The next morning, Lucy asked Peter to look at her eye, complaining that "she could hardly see out of it." Upon examination, he found her eye "very much" swollen, as was her neck, which "appeared bruised." Lucy also protested that her side hurt where Peter had kicked her the day before. Peter apologized again, and tried to make her comfortable, but Lucy remained boisterous and "fretful during the whole course of the day." Nursing her injuries by keeping "herself in a state of intoxication," Lucy heaped contumely on Peter, their children, and neighbors. She brightened momentarily when Peter provided rum for her during the visit of a Mrs. Darby, who may have been Lucy's cousin ("'Why, my husband is not the worst man in the world,"' Peter quoted his wife, "'if he does have a high once in a while."'), but later continued her vituperation. Peter claimed that he went to bed on Monday night, and saw no more of his wife until he found her dead the next morning. [8]

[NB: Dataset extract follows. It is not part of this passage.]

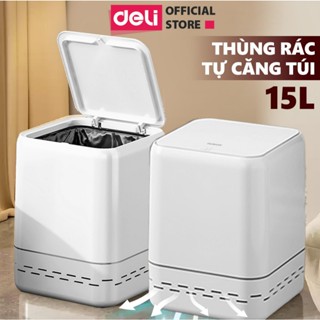 Thùng rác tự động căng túi rác 15L DELIxVUSIGN thiết kế dáng hộp vuông tiết kiệm không gian, tối ưu nhà cửa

When local authorities examined the corpse, they found it "mangled and bruised in a most shocking manner. There were nearly twenty wounds and bruises," including marks on the neck that suggested that Peter had seized Lucy "by the throat and choaked [sic] her to death." Despite Peter's protestations of innocence, testimony from Lucy's mother and other witnesses led a special superior court to conclude that her "death was occasioned by violence and repeated blows upon her head and body given by the hand of her husband, Peter Lung, in the course of yesterday and last night." Lung won a second trial by petitioning the legislature, but "so irresistible was the evidence, that notwithstanding the impression made in his favor by the interposition of the legislature....[the jury] did not hesitate to bring in a verdict of guilty." [9]

Once condemned and in prison awaiting execution, Peter received visits from local ministers eager to prevent him from meeting death impenitent. Under their influence, Peter repented, accepted Christianity, and wrote apologetic letters to his mother, mother-in-law, and children. [10] These letters, in conjunction with the other published material on the crime, provide a window on conflicting ideas about gender and its relationship to violence and intemperance. Peter's account of his wife's character and drinking habits differed markedly from those offered by the religious and legal establishment. Certainly, all parties agreed on the pernicious effects of intemperance, and its tendency to promote domestic violence and discord. But on issues of blame, responsibility, and the moral nature of the sexes, important contrasts emerged.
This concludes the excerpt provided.